Dohna ist die zweitälteste Stadt Sachsens. Der Name wird als der altsorbische Ort Donin angesehen, der dem Don bzw. Dohna gehörte.[2] Archäologisch lassen sich Siedlungen bis in die Bronzezeit etwa 1800–1600 v. Chr. (Wallanlagen Robisch und Burgberg) zurückverfolgen. Der Burgberg beherrscht den Eingang in das Müglitztal und wird durch eine Schleife der Müglitz gesichert.

Daher waren Burg und Siedlung an dieser Stelle für die Kontrolle der Handelswege (Salzstraßen) im Müglitztal (Böhmischer Weg) und über die Höhen (Kulmer Steig beziehungsweise Alte Dresden Teplitzer Poststraße) von besonderer Bedeutung. Die Burg Dohna wurde vermutlich 960 von Kaiser Otto I. erbaut. Ihre erstmalige urkundliche Erwähnung fällt in das Jahr 1040. Im Jahr 1076 belehnt Heinrich IV. den Herzog Vratislav II. von Böhmen mit der Burggrafschaft Dohna. Dieser gab Dohna als Mitgift seiner Tochter in die Ehe mit Wiprecht von Groitzsch, allerdings unter der Lehnshoheit von Vratislav II.

Gegen Mitte des 12. Jahrhunderts, wohl schon 1143 oder 1144 unter König Konrad III., kam die Burggrafschaft Dohna als Reichslehen an den Adligen Heinricus de Rodewa,[3] der spätestens 1156 in ihrem Besitz ist[4] und zum Begründer des edelfreien Adelsgeschlechts der Donins (erstmalige Erwähnung 1127 im Pleißenland zwischen Altenburg, Chemnitz und Zwickau beiderseits der Pleiße) wurde.
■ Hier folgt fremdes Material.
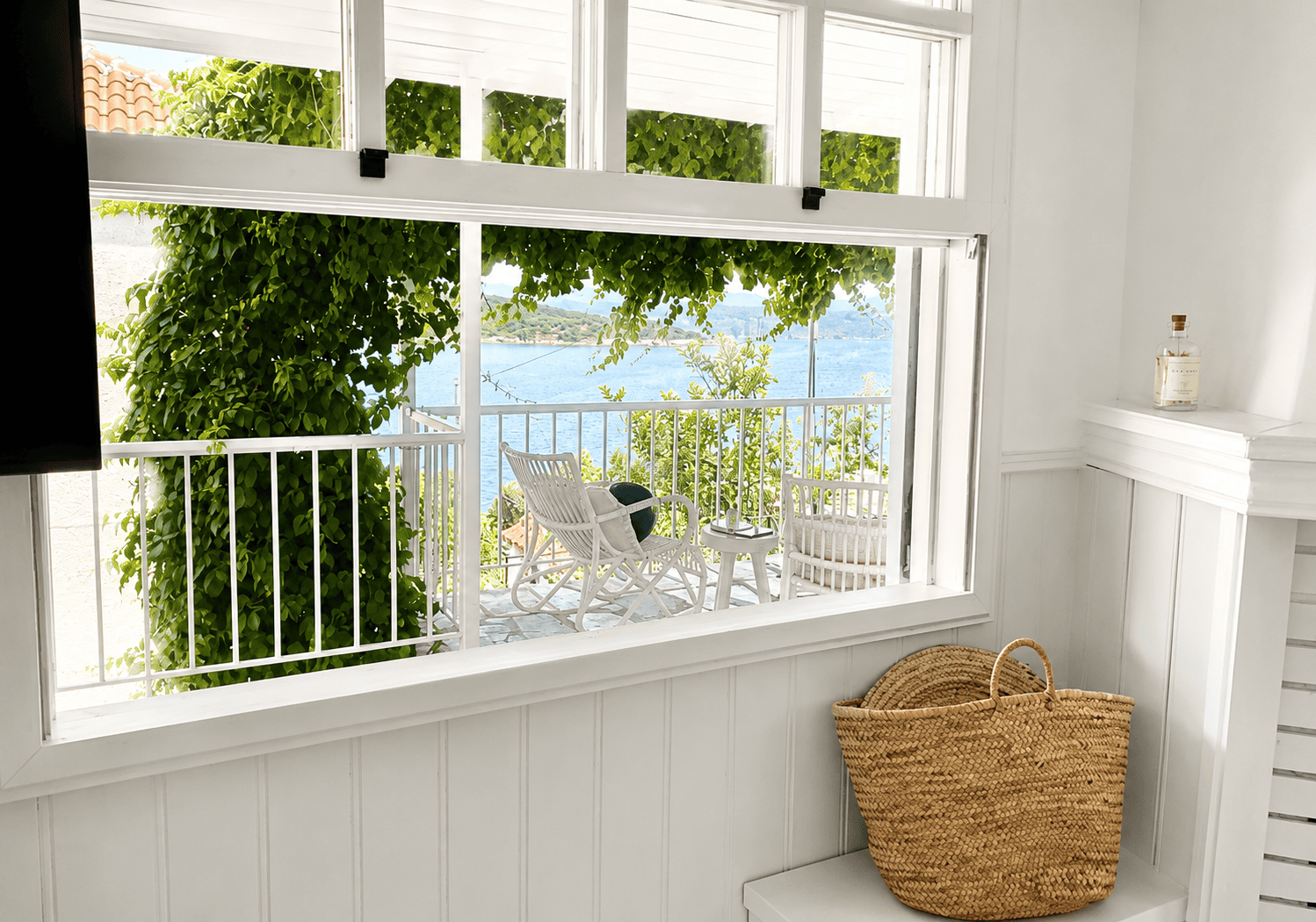 a basket on a window sill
Als reichsunmittelbare Burggrafen hatten die Donins großen Einfluss auf die Besiedlung des Osterzgebirges. Mit der weiträumigen Rodung und Anlage einer Vielzahl von Dörfern gelangten sie zu großem Besitz und dadurch auch zu Macht und Einfluss; sie strebten sogar die Landesherrschaft an. Zeugnisse dafür sind das Ausstellen eigener Urkunden, Städtegründungen, eigene Ministerialien, ein eigenes Münzregal (siehe Doninsche Brakteaten) und Rechtsprechung. Große Bedeutung erlangte der Dohnaer Schöppenstuhl als adliges Lehnsgericht. Ihre Burggrafschaft lag zwischen der Markgrafschaft Meißen und dem Königreich Böhmen und reichte von Gottleuba im Osten bis Rabenau im Westen sowie von der Elbe im Norden bis zum Erzgebirge im Süden (einschließlich Lauenstein, Bärenstein und Frauenstein). Sie hatten die Befestigungshoheit, da sie königliche Statthalter waren. Ihnen stand der 3. Pfennig und 1/3 des Zolls der Dresdner Elbbrücke zu. Den Auftrag zur Errichtung der Planstadt Dresden erhielt der Burggraf Conrad von Dohna 1170 von Kaiser Barbarossa, welcher auch den Bau der ersten steinernen Dresdner Brücke im 13. Jahrhundert beinhaltete. Um 1221 oder eventuell bis 1226 errichtete der Burggraf von Dohna am Brückenkopf eine kastellartige Curie, seinen Gerichtshof.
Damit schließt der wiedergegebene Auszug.